Several days later, baby Jake arrived. I wrote that night, I am so happy, so relieved he is finally here and healthy. I already feel a bond to this child I do not yet know, and for the first time since my Jake died, I am in the moment and not feeling caught in the past. Rob and I are thrilled for Erin and Dave, and yet, it is bittersweet that their family is growing while ours has been reduced to two. I went to bed that night feeling slightly proud of myself for having future thoughts.

Six months earlier while on business travel, I was seated on a flight next to a baby no more than a year old, and it was difficult for me. I did not want to have a crying meltdown in public, so I asked the flight attendant to move my seat. She was not pleased and asked why. I felt so violated but I spoke the truth. “I lost my son last year, and sitting next to a baby is too painful for me.” She apologized and I was deeply moved by that.

The flight turned out to be healing for me as I was seated next to a woman with an intense fear of flying. I held her hand for most of the flight, and when we landed, she gave me a giant hug.

Now six weeks after Jake’s birth, I was making the trip to Vermont. Honestly, I wanted it to be from one mother visiting another, yet I felt tremendous fear of having a meltdown on the flight or on the drive from the airport and especially when I thought about holding this baby. I feared I would make myself sad along with Erin and Dave. My friends Liza, Tim, and Kate offered to go with me, and I gladly accepted.  My nerves were off the chart in the days leading up to this trip. I shared my anxiety with my friend Suzanne, who sent me a great quote from Anaïs Nin that I now write in the front cover of every new journal I start:

                         There came a time when the risk to stay tight in the bud

                         was more painful than the risk it took to blossom.

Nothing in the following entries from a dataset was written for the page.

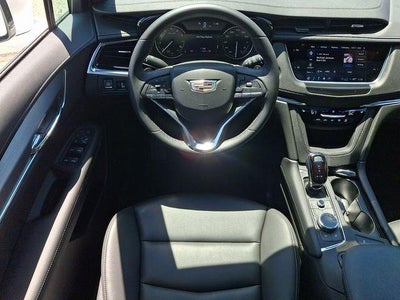 2025 Cadillac XT6 Luxury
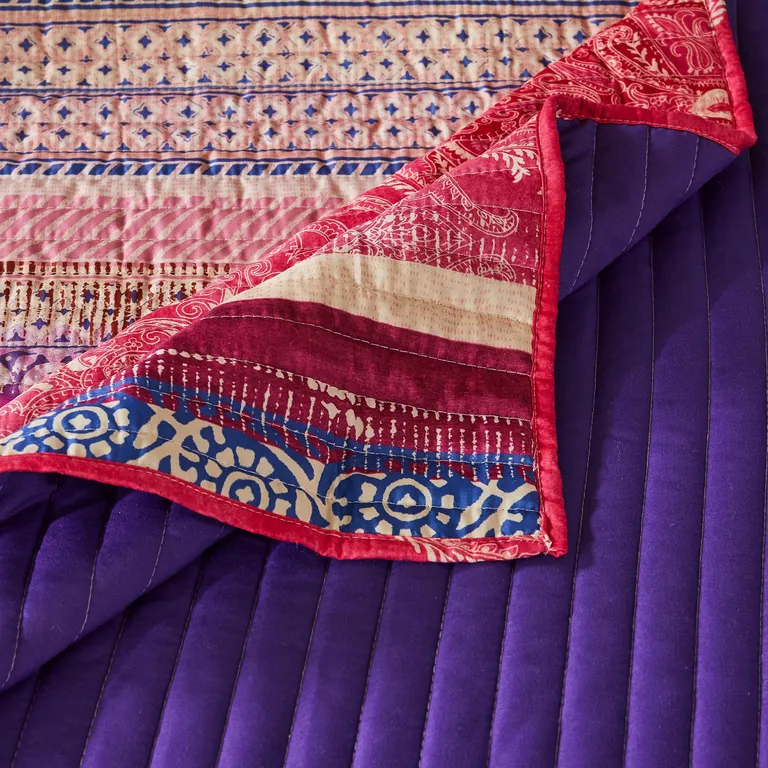 Dora 3 Piece Bohemian Full Quilt Set, Medallion, Paisley Photo 4
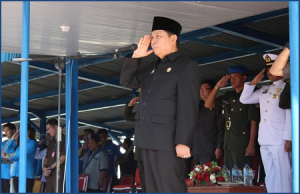 Wawali Bitung Max Lomban irup di hari sumpah pemuda di Kota Bitung.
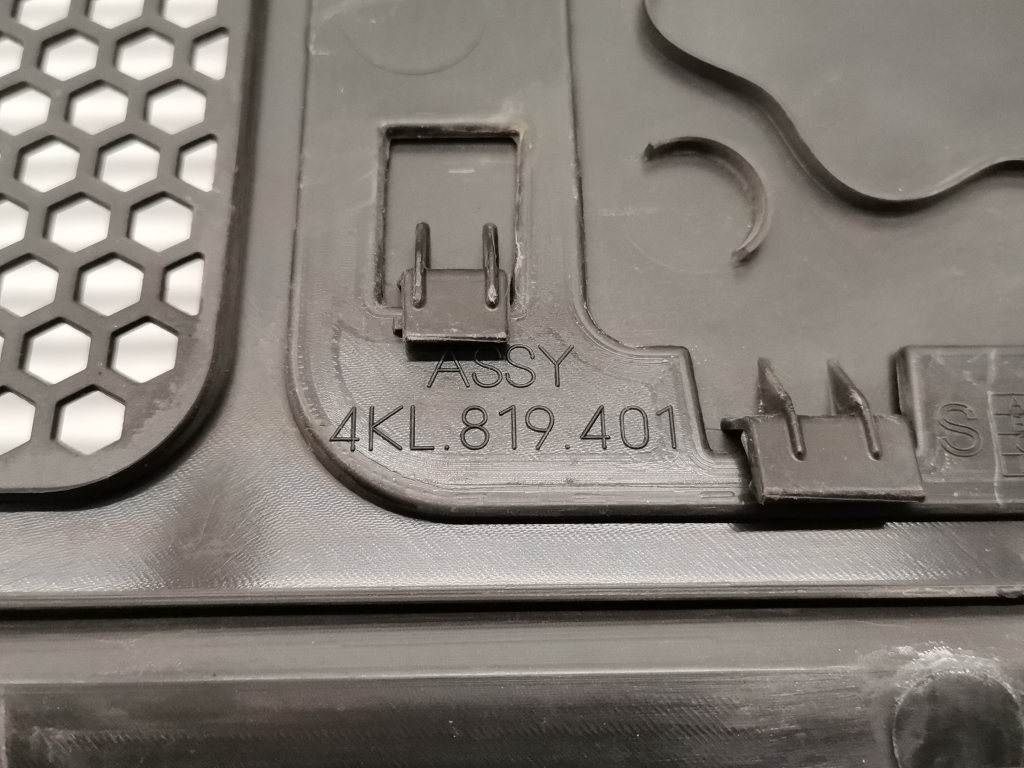AUDI e-tron 1 generation (2018-2024) Priekinių valytuvų apdailos plastmasė (valytuvų apdaila) 4KL819401 21188655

I look back now and realize that this trip was the jumping off moment for me to continue to go into the unknown. What I feared, I faced, and I finally felt connected to the world again. It felt so natural to hold this chid—a child not my own named Jake. All I could do was smile. I shared with Erin in a peaceful moment at her kitchen table that she has once again given me a reason to buy baby clothes and birthday cards. I let her know that she had started a process of futures I did not think would ever again be possible. I notated in my journal entry the next day, Yesterday was the first day since Jake died that I did not have one sad, nervous, or worrisome moment.

Since that time, Rob and I have been with this sweet child several times, and we all celebrated last Christmas together. We eagerly await photos and videos of all his milestones. By last month, I felt the courage to journey to Vermont alone to be with Erin, Dave, and baby Jake.

I went on this recent trip with a new lens. On my way to Vermont, I was thinking about last year and how nervous I was. I no longer have this fear. Last year I tried to buy Jake a baby gift several times, but I could never bring myself to even drive to the mall.This time, though, I smiled proudly because with me now in my suitcase were baby clothes I had purchased alone the prior week. These were small but meaningful milestones in my life.

My time in Vermont again took me outside of myself in a wonderful way. I felt comfortable in their home and simply wanted to be part of their week. I loved being with this family. The highlight of my visit was pure bliss when Jake took his first few steps. Erin caught it at first and I did not, but when all four of us were in Jake’s room, he took one step and then two more. What a gift for me to watch. I later captured it on video realizing these are memories I will want to watch again and again. When I gave Erin and Dave my gift, they both high-fived me realizing that I reached this milestone. I was thrilled that two more souls understood me and the difficult journey I’m on.

What I learned is that I have the capacity to care for a child that is not my own, which demonstrates to me how much my identity has changed and how far I have come. What brought me here is baby Jake, his parents, their compassion and understanding of my connection to them. I know where this child fits in my life, and when he is old enough, he will read these words and understand just how important he is to me.